Of course this rule doesn’t apply to all optimizations. Most
programs will need some optimization sometime, and this is particularly true in
Smalltalk. As a very high-level language, Smalltalk makes it very easy to write
very inefficient programs very quickly. A little bit of well-placed
optimization can make the code enormously faster without harming the program.

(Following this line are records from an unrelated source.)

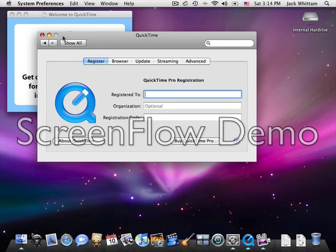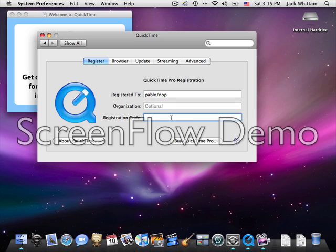In the first part, Register To, type 'part below forward slash not'. Leave the organisation part blank, and in the registration code part, type the code — it will be in the description to help you out. Then click enter.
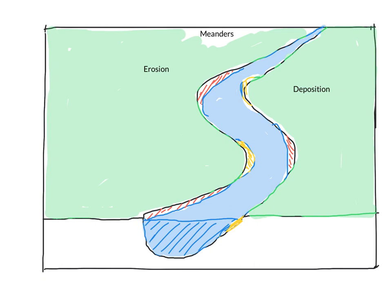Down here, we will do another label, we will call it slip off slope.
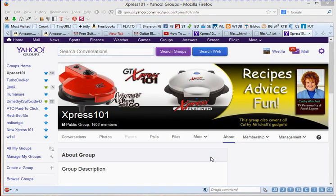All right, this is Retha. I am the moderator and owner of the GTExpress 101 Yahoo group, also known as the Express 101 Yahoo group.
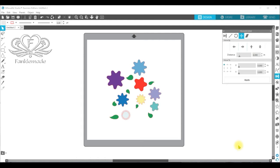Hello everyone, Cherie Wayman from FancleMade. Today I'm going to show you how to create a repeat pattern in Silhouette Studio.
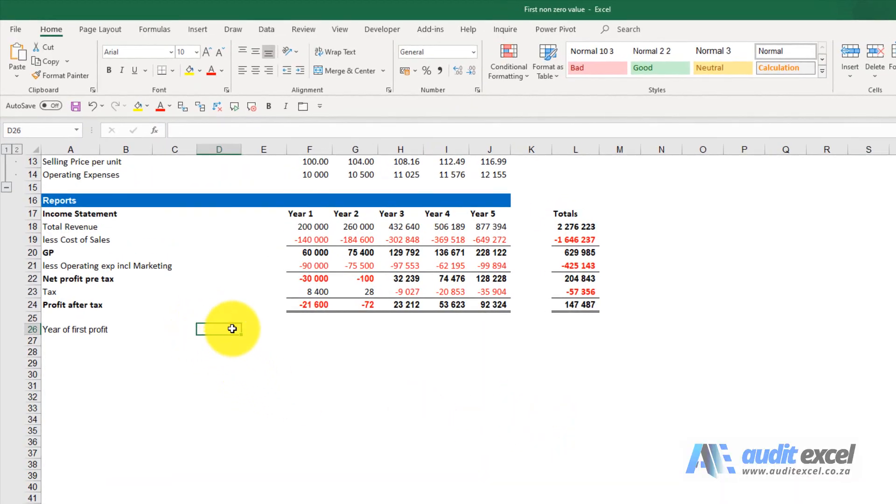In this example we want to say when is the year of the first profit, so we can clearly see it's year three.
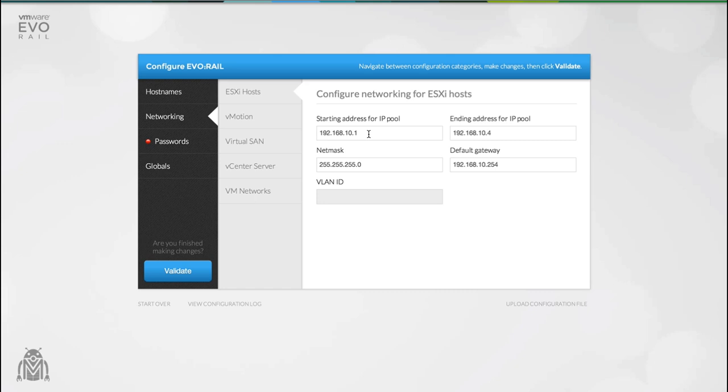The minimum size of the IP address pool is four. This is because there are four hosts on a single appliance. If you plan on extending your EvoRail cluster at a later date then you should increase your pool size by four IP addresses per appliance that you plan to add to the cluster.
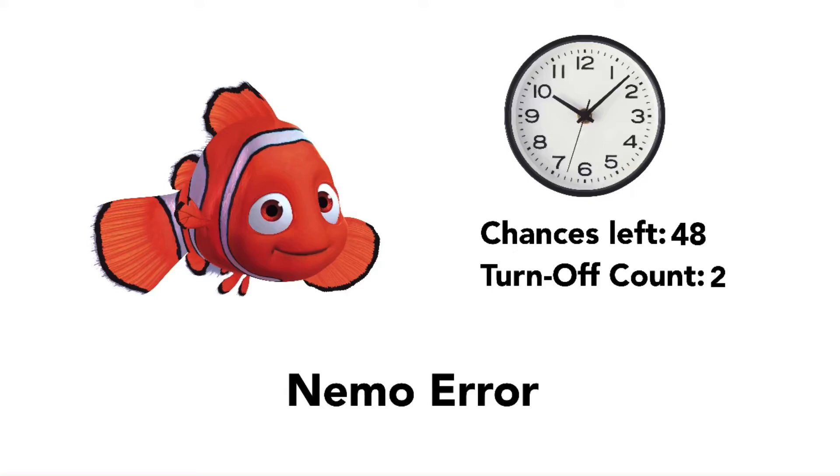Really? Second time already? You turned off your computer for the second time. Plus, the timer is now at 512 hours. Again, please do not turn it off again.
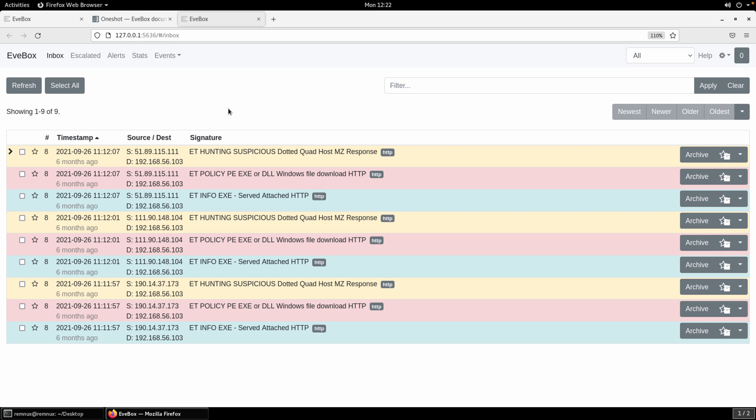Okay, that's it. So now you understand how to, the role that EveBox plays, how to get it up and running using one-shot mode to help analyze those PCAPs. So happy hunting, and I'll talk to you all soon.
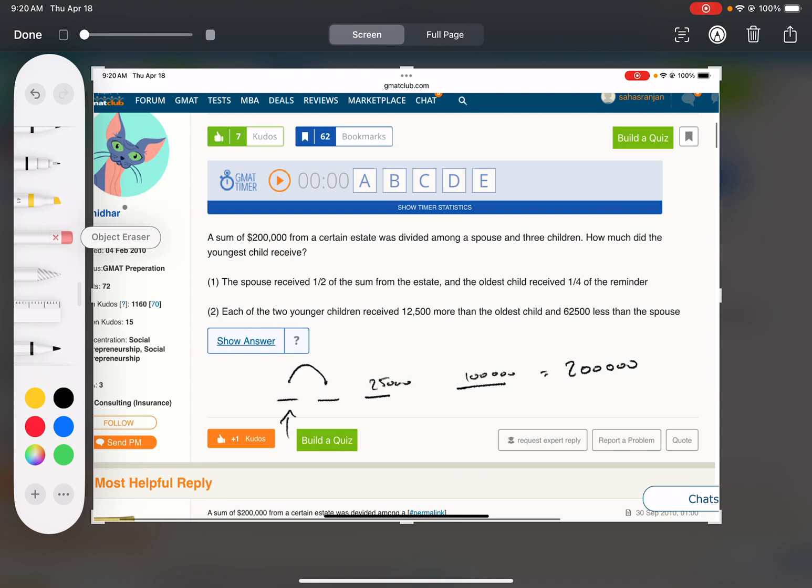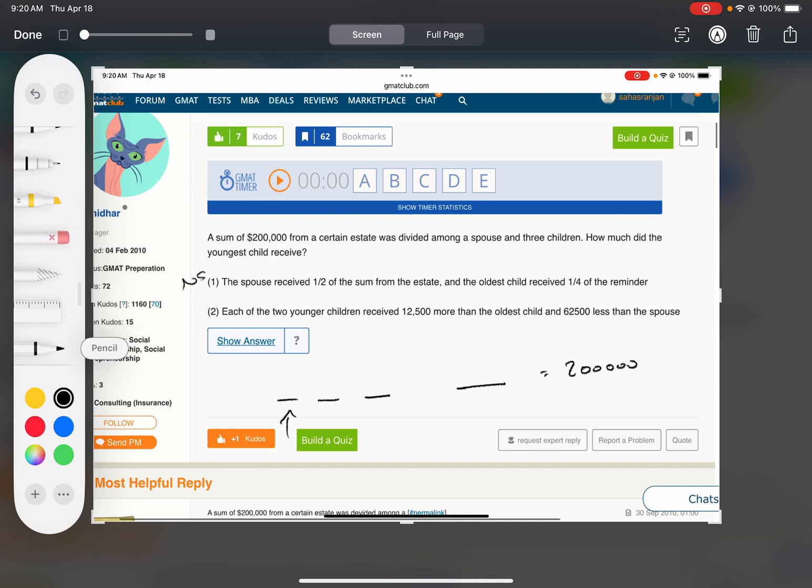Okay, but we don't know how the rest is split between these two. Not sufficient.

There’s also a large class of optimizations that I call
“stupidity removal” which can be profitably done at just about any time. These
include things like using the right kind of collection for the job and avoiding
duplicated work. Their most important characteristic is that they should also
result in improvements to the clarity and elegance of the code. Using better
algorithms (as long as their details don’t show through the layers of
abstraction) can also fall into this category.
Other Rules To Live By
There are a lot of other rules of life that can be extended
to the OO design and programming domains. Here are a few more examples. Feel
free to make up more and send them to me. Make posters out of them and put them
up on your office wall. It’ll make a nice counterpoint to those insipid posters
about “Teamwork” and “Quality” that seem to be everywhere these days.
·
Try not
to care - Beginning Smalltalk programmers often have trouble because they
think they need to understand all the details of how a thing works before they
can use it. This means it takes quite a while before they can master Transcript show: ‘Hello World’. One of
the great leaps in OO is to be able to answer the question “How does this
work?” with “I don’t care”.
·
Just do
it! - An excellent slogan for projects that are suffering from analysis
paralysis, the inability to do anything but generate reports and diagrams for
what they’re eventually going to do.
·
Avoid
commitment - This is another way of expressing the principle of postponing
decisions, but one which might strike a chord with younger or unmarried
programmers.
·
It’s not
a good example if it doesn’t work - This one comes from
Simberon's David
Buck (david@simberon.com), who’s fed up with looking at example and test
methods that haven’t been properly maintained as the code evolved. I can’t
think of a way to apply this on to life, but it’s good advice anyway.
·
Steal
everything you can from your parents - A principle for those trying to make
effective use of inheritance or moving into their first apartment.
·
Cover
your ass - Like in a bureaucracy, the most important thing is to make sure
that it isn’t your fault. Make sure your code won’t have a problem even if
things are going badly wrong elsewhere.
My original byline for this stated that "Alan Knight avoids responsibility with The Object People", but nowadays I'm, well, um, a manager at Cincom Systems. I'm trying not to think about the OO design implications of that.